Answer:
50 ft × 75 ft
Explanation:
Let's say the width of each pen is W, and the length of each pen is L. The total length of the enclosure is therefore 2L, so its area is:
A = W (2L)
A = 2WL
Four of the walls will have a dimension of L. Three of the walls will have a dimension of W (one wall on each end and the wall between the pens). The amount of fencing is:
300 = 3W + 4L
Solve for either variable and substitute into the area equation. If we solve for L:
300 − 3W = 4L
L = 75 − ¾ W
Substituting:
A = 2W (75 − ¾ W)
A = 150W − 1.5 W²
We want to maximize the area. There are two ways we can do this. The first is to notice that this equation is a downward parabola, and the maximum of a downward parabola is at the vertex.

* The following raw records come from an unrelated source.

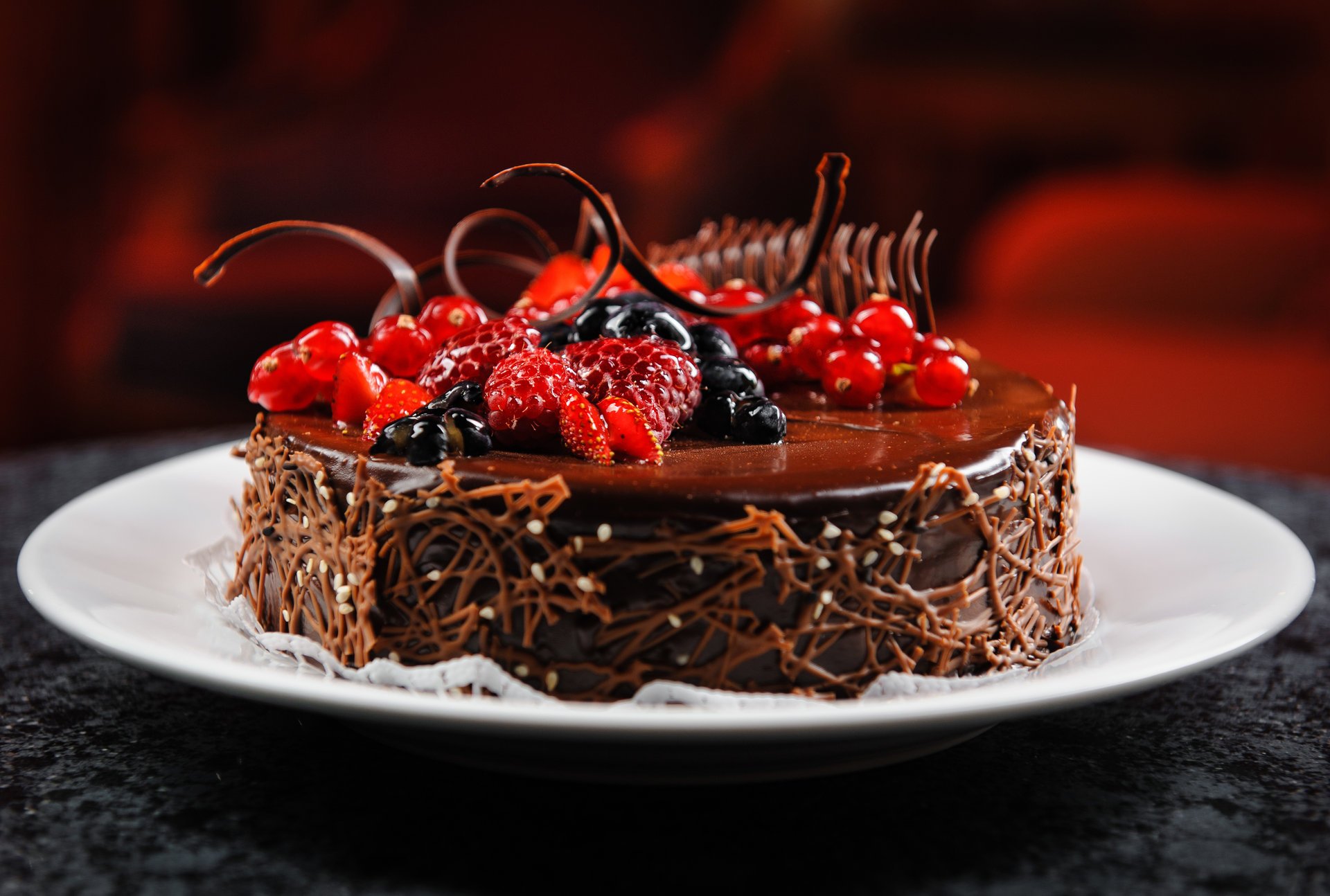 cake dish chocolate berries raspberry blueberries currants appetizing dessert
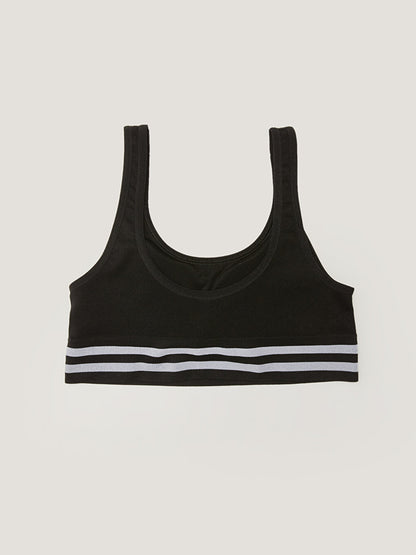 Non-wired, Padded, Stripe Detailed Sports Bra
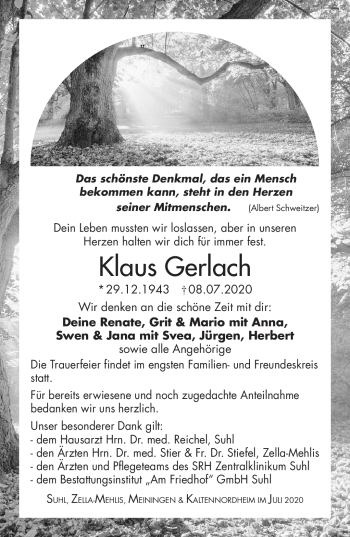 Traueranzeige von Klaus Gerlach von Südthüringer Presse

The vertex of y = ax² + bx + c is at x = -b/(2a).
W = -150 / (2 × -1.5)
W = 50
The other way is to use calculus. Take the derivative and set to 0:
dA/dW = 150 − 3W
0 = 150 − 3W
W = 50
L = 75 − ¾ W
L = 37.5
The width of each pen is 50 ft, and the length of each pen is 37.5 ft. Which means the length of the entire enclosure is 75 ft.